Overall, the rolling averages tell the real story – and they declined this month.
Year-over-year employment changes and sales growth now reasonably correlate.
This data set is considered an outlier and may have issues with data gathering, changing dynamics of the wholesale industry, or definition issues with what is considered wholesale.
Note that Econintersect analysis is based on the change from one year ago. Econintersect Analysis:
- the unadjusted sales rate of growth decelerated by 18.4 % month-over-month.

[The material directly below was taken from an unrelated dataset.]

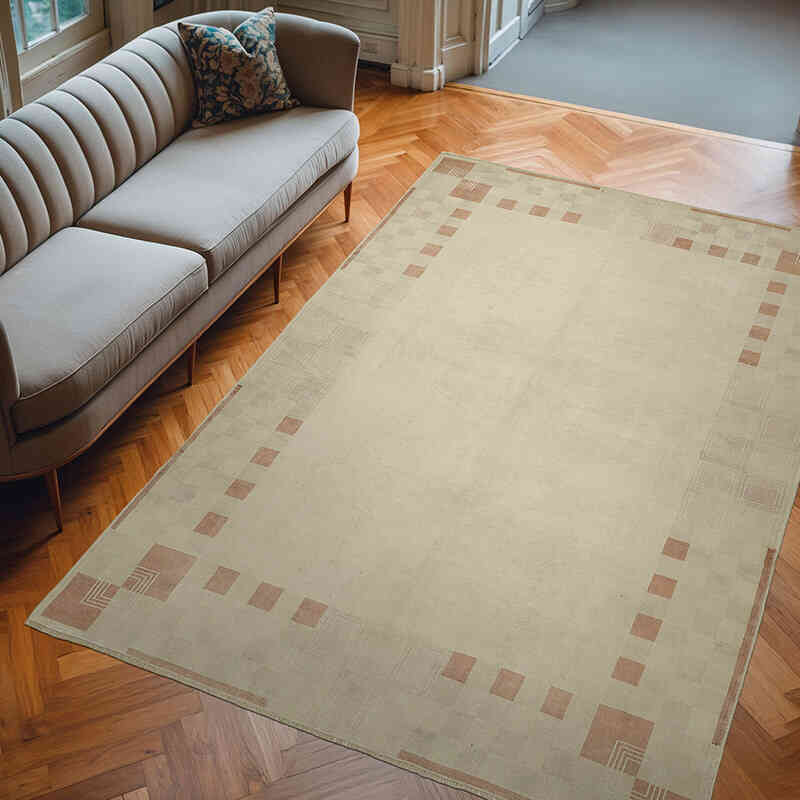 Alfombra Vintage Turca Anudada a Mano - 201 cm x 293 cm - K0070649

- unadjusted sales year-over-year growth is down 20.6 % year-over-year (it was down 2.2 % YoY last month)
- unadjusted sales (but inflation-adjusted) down 22.3 % year-over-year
- the 3 month rolling average of unadjusted sales decelerated by 7.8 % month-over-month, and down 6.7 % year-over-year.
- unadjusted inventories down 2.8 % year-over-year (decelerated 0.6 % month-over-month), the unadjusted inventory-to-sales ratio is 1.62 which is at recessionary levels.

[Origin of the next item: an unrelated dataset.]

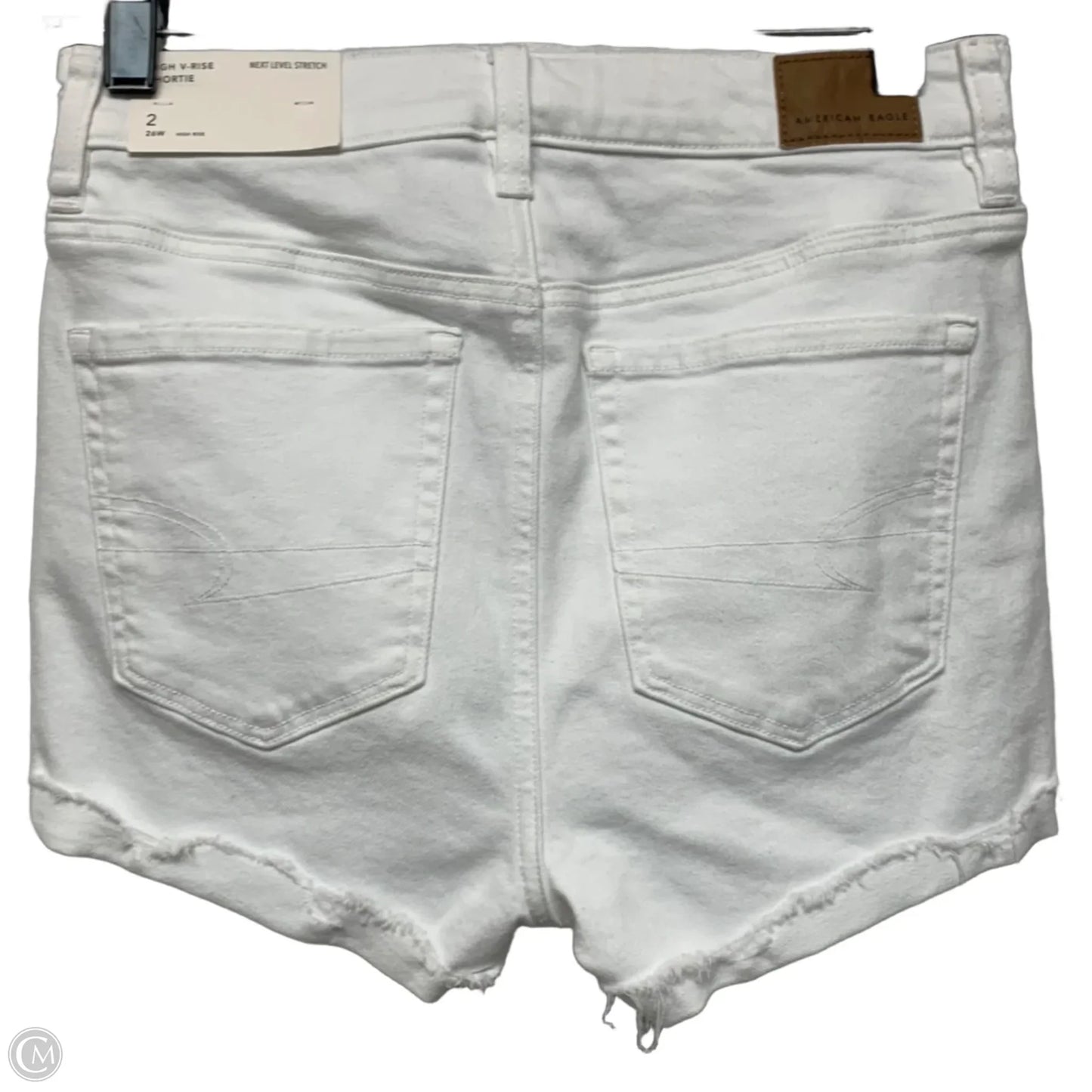 Shorts By American Eagle In White Denim, Size: 2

US Census Headlines based on seasonally adjusted data:
- sales down 16.9 % month-over-month,down 20.7 % year-over-year (it was reported sales -5.2% last month YoY)
- inventories up 0.3 % month-over-month – down 2.8 % year-over-year,
- inventory-to-sales ratios were 1.34 one year ago – and are now 1.65
- expectations for inventory growth from Econoday was -0.5 % to 0.4 % (consensus +0.4 %).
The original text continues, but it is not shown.